* **TASK GOAL**: Copy the lines verbatim, beginning with the line that contains "Ford Mustang Ecoboost 2 Door Coupe 2018" and continuing through the end of the data, and only those lines.

──────── SUPPLIED MATERIAL

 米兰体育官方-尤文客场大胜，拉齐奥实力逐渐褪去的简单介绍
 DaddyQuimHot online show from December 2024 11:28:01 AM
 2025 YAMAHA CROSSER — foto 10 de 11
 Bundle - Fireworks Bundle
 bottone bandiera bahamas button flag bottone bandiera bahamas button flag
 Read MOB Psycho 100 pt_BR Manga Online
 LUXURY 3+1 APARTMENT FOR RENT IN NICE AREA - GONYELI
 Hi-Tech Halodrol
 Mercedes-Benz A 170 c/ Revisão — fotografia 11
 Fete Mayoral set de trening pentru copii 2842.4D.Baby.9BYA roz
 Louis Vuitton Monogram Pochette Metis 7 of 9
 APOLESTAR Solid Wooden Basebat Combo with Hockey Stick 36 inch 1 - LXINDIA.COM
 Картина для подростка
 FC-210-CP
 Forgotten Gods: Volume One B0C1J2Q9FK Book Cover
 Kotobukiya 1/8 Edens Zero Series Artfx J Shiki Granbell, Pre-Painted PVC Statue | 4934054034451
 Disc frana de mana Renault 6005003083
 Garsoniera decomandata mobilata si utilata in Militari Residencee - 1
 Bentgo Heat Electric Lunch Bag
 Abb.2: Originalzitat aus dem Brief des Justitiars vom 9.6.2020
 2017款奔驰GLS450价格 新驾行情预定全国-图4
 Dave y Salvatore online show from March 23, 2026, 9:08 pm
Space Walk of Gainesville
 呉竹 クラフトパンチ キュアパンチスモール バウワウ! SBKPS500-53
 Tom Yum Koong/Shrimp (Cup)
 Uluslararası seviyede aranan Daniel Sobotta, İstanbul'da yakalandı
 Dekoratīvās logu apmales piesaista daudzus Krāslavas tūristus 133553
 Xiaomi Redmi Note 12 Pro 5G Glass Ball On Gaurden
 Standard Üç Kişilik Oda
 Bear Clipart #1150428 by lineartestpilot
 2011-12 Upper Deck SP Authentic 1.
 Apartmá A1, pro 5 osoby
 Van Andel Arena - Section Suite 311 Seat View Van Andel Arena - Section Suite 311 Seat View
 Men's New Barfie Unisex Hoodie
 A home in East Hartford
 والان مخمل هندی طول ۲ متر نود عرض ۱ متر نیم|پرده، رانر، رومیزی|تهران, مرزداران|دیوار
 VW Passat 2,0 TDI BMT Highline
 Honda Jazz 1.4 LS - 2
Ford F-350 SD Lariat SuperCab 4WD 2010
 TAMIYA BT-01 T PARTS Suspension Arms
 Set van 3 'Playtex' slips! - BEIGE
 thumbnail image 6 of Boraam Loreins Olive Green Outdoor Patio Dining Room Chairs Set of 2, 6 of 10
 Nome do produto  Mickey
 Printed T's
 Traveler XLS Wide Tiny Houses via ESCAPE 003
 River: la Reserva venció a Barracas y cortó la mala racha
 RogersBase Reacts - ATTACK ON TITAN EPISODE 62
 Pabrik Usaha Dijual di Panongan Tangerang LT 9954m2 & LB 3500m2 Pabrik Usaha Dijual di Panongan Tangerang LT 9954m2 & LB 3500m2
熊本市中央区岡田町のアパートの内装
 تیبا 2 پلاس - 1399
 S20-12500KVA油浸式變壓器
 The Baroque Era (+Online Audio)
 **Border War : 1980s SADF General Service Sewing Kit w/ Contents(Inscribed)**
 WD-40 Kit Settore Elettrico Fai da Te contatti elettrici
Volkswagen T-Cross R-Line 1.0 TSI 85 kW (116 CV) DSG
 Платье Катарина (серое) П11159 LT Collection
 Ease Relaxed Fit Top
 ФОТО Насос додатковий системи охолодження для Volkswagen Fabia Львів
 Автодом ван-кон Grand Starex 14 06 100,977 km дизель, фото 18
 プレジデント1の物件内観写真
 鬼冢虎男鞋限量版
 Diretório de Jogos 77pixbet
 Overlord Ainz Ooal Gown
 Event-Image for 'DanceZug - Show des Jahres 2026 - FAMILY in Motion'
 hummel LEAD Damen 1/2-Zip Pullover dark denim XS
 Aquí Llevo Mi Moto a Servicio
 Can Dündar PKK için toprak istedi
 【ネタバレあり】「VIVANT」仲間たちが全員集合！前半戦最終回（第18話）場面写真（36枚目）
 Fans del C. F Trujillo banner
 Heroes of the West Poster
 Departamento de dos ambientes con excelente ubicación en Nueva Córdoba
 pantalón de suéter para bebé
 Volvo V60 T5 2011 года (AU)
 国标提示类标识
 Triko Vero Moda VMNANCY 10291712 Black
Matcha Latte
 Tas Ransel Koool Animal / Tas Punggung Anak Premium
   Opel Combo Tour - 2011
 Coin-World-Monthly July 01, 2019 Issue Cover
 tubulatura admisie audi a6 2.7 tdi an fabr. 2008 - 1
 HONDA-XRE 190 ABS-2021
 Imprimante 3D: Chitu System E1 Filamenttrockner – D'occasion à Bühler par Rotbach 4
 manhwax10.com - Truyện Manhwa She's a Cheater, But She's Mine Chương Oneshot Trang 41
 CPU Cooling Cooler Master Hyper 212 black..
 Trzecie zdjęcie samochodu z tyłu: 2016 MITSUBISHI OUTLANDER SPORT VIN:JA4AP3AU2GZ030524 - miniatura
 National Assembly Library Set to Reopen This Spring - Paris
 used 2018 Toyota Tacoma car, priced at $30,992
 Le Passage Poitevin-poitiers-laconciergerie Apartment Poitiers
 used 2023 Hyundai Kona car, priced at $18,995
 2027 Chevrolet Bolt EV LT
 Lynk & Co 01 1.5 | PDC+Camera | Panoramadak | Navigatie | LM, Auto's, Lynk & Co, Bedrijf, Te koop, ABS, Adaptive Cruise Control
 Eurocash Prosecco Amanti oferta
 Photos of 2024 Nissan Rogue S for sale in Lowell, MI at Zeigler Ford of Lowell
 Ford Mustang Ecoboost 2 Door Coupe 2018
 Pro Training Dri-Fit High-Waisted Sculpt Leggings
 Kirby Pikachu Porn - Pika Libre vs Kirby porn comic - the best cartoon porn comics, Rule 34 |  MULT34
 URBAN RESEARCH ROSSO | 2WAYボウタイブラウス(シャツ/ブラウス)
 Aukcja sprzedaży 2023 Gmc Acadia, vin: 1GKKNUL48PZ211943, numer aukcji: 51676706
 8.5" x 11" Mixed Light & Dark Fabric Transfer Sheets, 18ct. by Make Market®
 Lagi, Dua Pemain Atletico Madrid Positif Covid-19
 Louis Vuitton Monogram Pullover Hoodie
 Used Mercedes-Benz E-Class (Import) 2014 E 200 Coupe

────────────────

* **RESPONSE TO THE EXERCISE**:
 Ford Mustang Ecoboost 2 Door Coupe 2018
 Pro Training Dri-Fit High-Waisted Sculpt Leggings
 Kirby Pikachu Porn - Pika Libre vs Kirby porn comic - the best cartoon porn comics, Rule 34 |  MULT34
 URBAN RESEARCH ROSSO | 2WAYボウタイブラウス(シャツ/ブラウス)
 Aukcja sprzedaży 2023 Gmc Acadia, vin: 1GKKNUL48PZ211943, numer aukcji: 51676706
 8.5" x 11" Mixed Light & Dark Fabric Transfer Sheets, 18ct. by Make Market®
 Lagi, Dua Pemain Atletico Madrid Positif Covid-19
 Louis Vuitton Monogram Pullover Hoodie
 Used Mercedes-Benz E-Class (Import) 2014 E 200 Coupe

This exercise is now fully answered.